Mais, grâce à Dieu, il y a dans nos cœurs et dans nos âmes une autre force. C’est celle que j’appelle ici la raison. Je parle de la vraie raison, de l’éternelle raison ! La raison, dis-je, parlant dans la conscience, est la force qui lutte contre la décadence, qui remonte le courant du mal et brise l’obstacle quand il le faut. Le travail, le courage, l’espérance, la vertu, la justice pour autrui, la victoire sur le lâche et cruel égoïsme, la tempérance, la dignité, la croissance de l’esprit vers la sagesse et la lumière, et celle du cœur vers la justice et la bonté, voilà ce que j’appelle l’effort, dans la conscience, de la raison bénie de Dieu.

N’est-il pas évident que l’obstacle à tout bien et à tout progrès, c’est la pente cupide à jouir et à posséder ? L’obstacle, c’est cette avidité d’esprit et de cœur que l’on peut appeler d’un seul mot l’esprit de lucre ou l’amour des richesses. Mais au contraire, la force régénératrice, le ressort du progrès, le bien moral, c’est manifestement cet esprit de sobriété, de désintéressement, de dignité, de vigueur contre l’égoïsme, que l’on peut appeler d’un seul mot : « l’esprit de pauvreté ».

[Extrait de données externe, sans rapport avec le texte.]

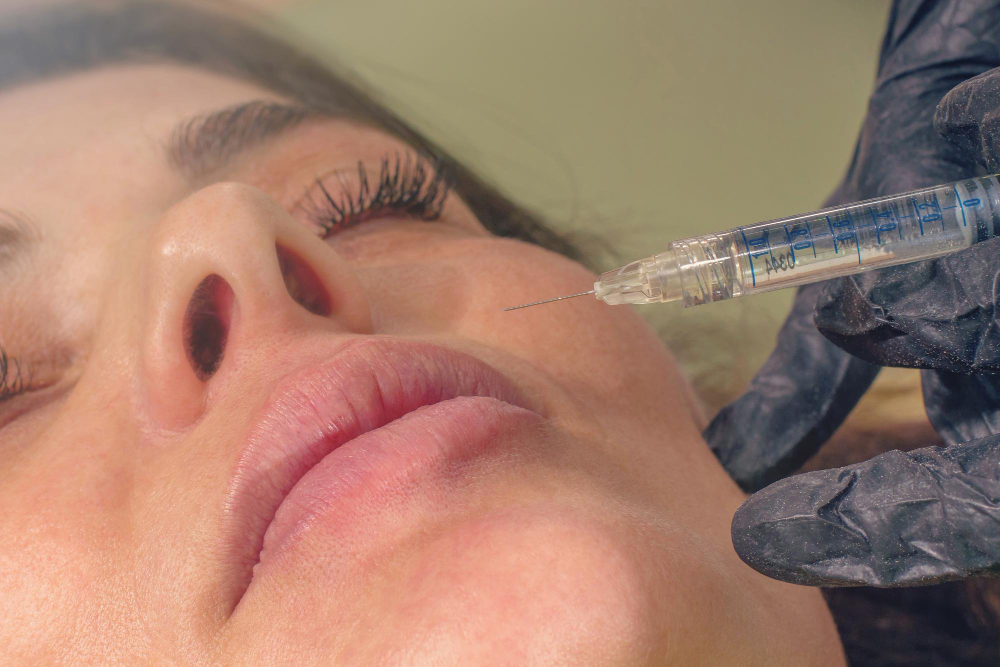 What Does Radiesse Treat? A Comprehensive Guide to This Innovative Filler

Dès lors, comme le dit l’Évangile, il est impossible qu’un riche entre dans le royaume du ciel, et, d’un autre côté, il est évident que : « Bienheureux sont les pauvres, car le royaume du ciel leur appartient. »

L’esprit de pauvreté est le sel de la terre. C’est l’unique voie de cette transformation des sociétés que Dieu veut aujourd’hui. C’est la seule force qui puisse accomplir la mission de l’homme sur la terre, savoir : Mettre en ordre le monde, et disposer le globe terrestre dans l’équité.

II

Mais entendons-nous bien sur ce qu’il faut nommer « l’esprit de pauvreté ». C’est le premier point à connaître et à pratiquer en tout temps, mais aujourd’hui surtout. C’est, comme je vous l’ai dit, le premier mot du premier discours de Jésus.

Il y a, me dit-on souvent, il y a quelque chose qui sonne faux, et qui jamais ne sera vulgairement accepté dans cet axiome qui est l’axiome chrétien, savoir : « Être misérable en cette vie pour être heureux dans l’autre. »

Je vous réponds : Ce mot que vous nommez l’axiome chrétien, n’est pas chrétien, il est absurde. Or, l’Évangile est, partout et toujours, la raison même. L’Évangile dit : « Celui qui renonce à tout, trouve tout, au centuple, même en cette vie[50]. » Il dit encore : « Les pauvres et les doux posséderont la terre. » Et saint Paul dit : « Notre loi est utile à tout, et à la vie présente et à la vie future. »

[50] Marc, X, 29 et 30. Nemo est qui relinquerit… Qui non accipiat centies tantum, NUNC IN TEMPORE HOC.